What Serena’s and Kvitova’s different journeys also illustrate is how rarely other players on tour are able to continuously win at the highest levels of competition.

Maria Sharapova has produced two stretches in her career in which she’s reached the semifinals or better in at least 70 percent of major tournaments over a span of at least three calendar years. From 2004 through 2007, she made the semifinals or better in 9 of 12 majors (75 percent). From 2011 through 2013, she went semis or better in 7 of 9 majors (77 percent).

Victoria Azarenka, from 2011 through 2013, reached the semifinals or better in 7 of 10 majors (70 percent).

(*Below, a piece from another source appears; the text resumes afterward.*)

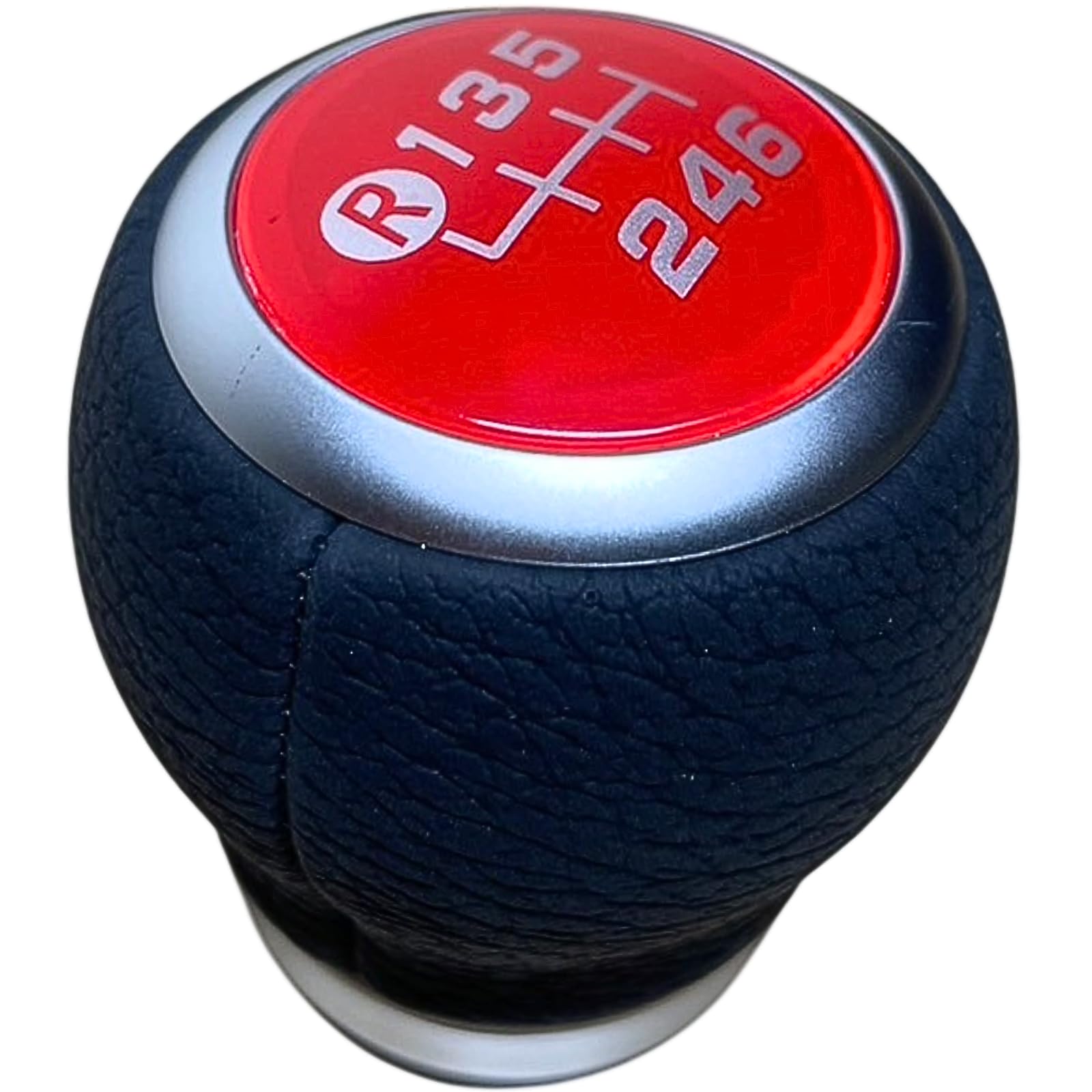 楽天市場】互換品YESprime シフトノブ 6速 レザー マニュアル シフト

Beyond those two players, which other active WTA pros have been able to do the same at least once in their careers? Venus Williams certainly rates as one, but she’s been around the block many times. If you want to find anyone else under 30 who can point to such an achievement, you’ll have to look long and hard.

It has been said — and it remains a reasonable point — that Serena Williams has lacked one truly great and constant rival throughout her career, the kind of rival Martina Navratilova had in Chris Evert (and vice-versa), and which Monica Seles was for Steffi Graf until she was stabbed. Yet, when one realizes how constantly Serena wins the kind of match she won against Heather Watson, and how rarely Petra Kvitova and most other contemporary WTA competitors are able to string together three years’ worth of strong showings at majors, it becomes easier — not harder — to believe the claim that Serena is the best there ever was.

The only problem, though: What happens to the WTA when Serena leaves?

We don’t have to answer that question now, but keep it in mind for 2019 and beyond.